Completion proves attendance. Capability is something else entirely, and the gap between the two is where a lot of transformation budgets quietly disappear.
The gap between watching and doing
Think about what a completion record actually certifies. Someone opened the material, clicked through it, and answered enough questions to pass. That's it. It says nothing about whether they can sit in front of a real problem, point an agent at it, judge whether the output is any good and own the result.
And here's the part that genuinely worries me: course-counting looks like progress. The dashboard goes green. Leadership relaxes. Meanwhile the capability that was supposed to be built isn't there, and nobody finds out until the work lands and falls over.
The structural problems run deeper too. AI changes monthly, so a course captures a moment that has usually passed by the time it's rolled out. Generic content trains everyone on the same material regardless of where their real gaps sit, so effort pours into ground people already cover while the actual weaknesses go untouched. Plenty of motion. Not much readiness.

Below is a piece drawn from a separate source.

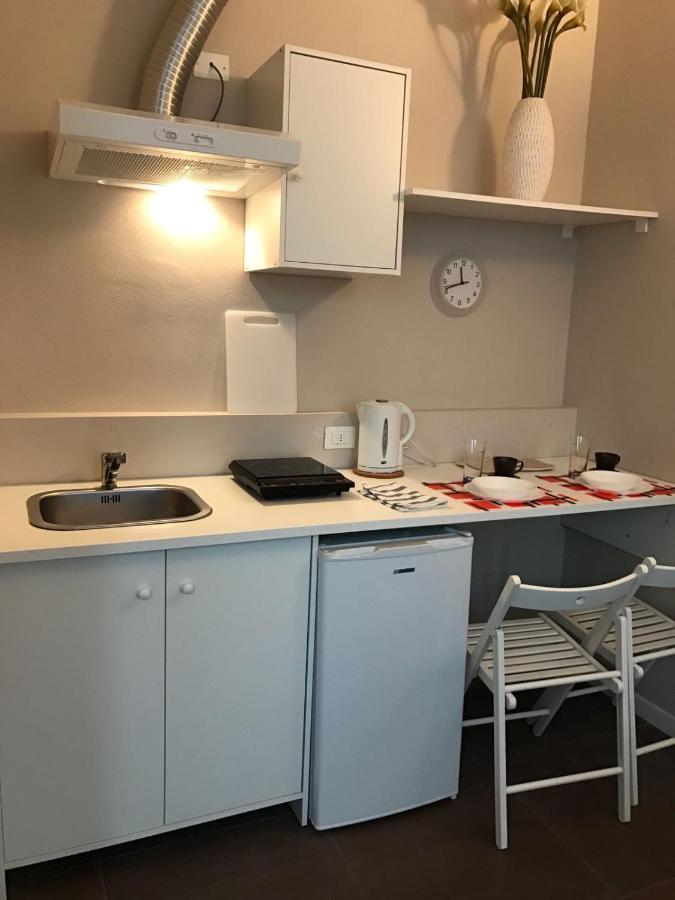 B&B Leonardo Rho Buitenkant foto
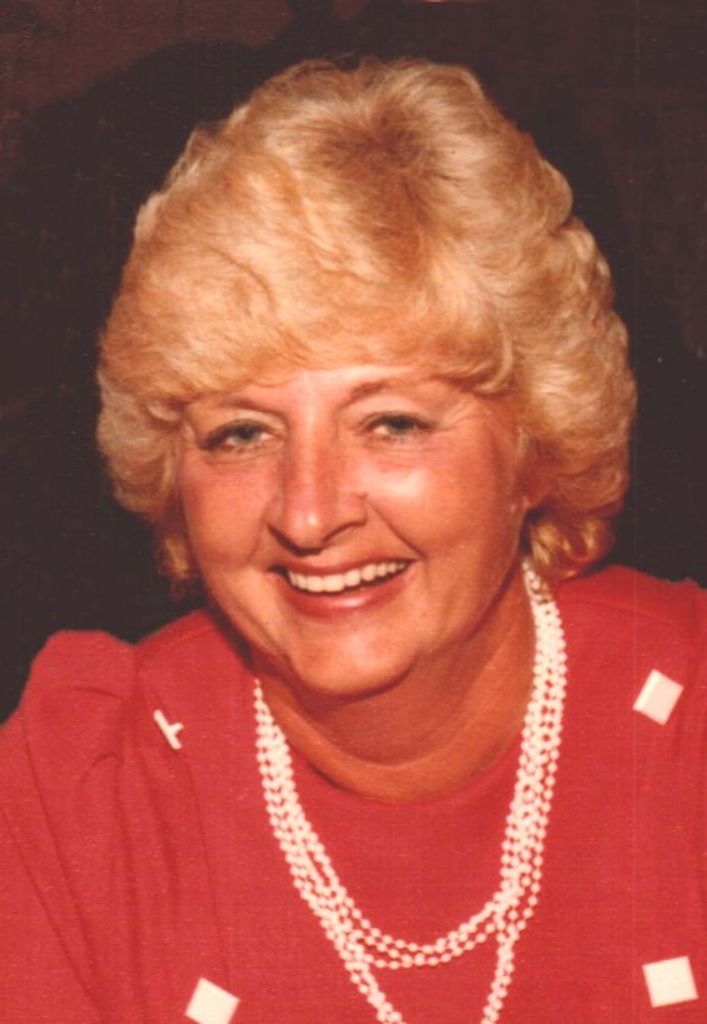 Carol Lee (Moyer)  Segnitz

None of this is exactly anyone's fault. Course-counting survives because it's easy to measure, and easy-to-measure beats meaningful-to-measure in most reporting cycles. A completion is a clean tick in a box. Capability is messier to capture, which is precisely why so many tools quietly avoid the question and report on attendance instead.
Measure what people can do, not what they sat through
So what's the alternative? Treat readiness as a practice, and measure it on evidence rather than attendance.
That changes the model end to end. Development starts from each person's measured gaps, not a one-size course catalogue. The work is practical - you do the thing, you don't watch a video about the thing. And every activity produces verified evidence that moves a real readiness score, so improvement is something you can point to rather than something you assume.
This is exactly what the AI Gym is built to do: turn readiness gaps into hands-on activities, and turn that practice into proof. The Agent Boss Score is where it all adds up - a measure of capability backed by what someone has actually demonstrated, not the certificates they've collected along the way.
The difference matters most at the moment you need it. A certificate tells you someone attended. An evidence-based score tells you whether they're ready. When you're betting real work on the answer, only one of those is worth anything.
Stop counting completions. Start measuring capability - and watch where the evidence actually points.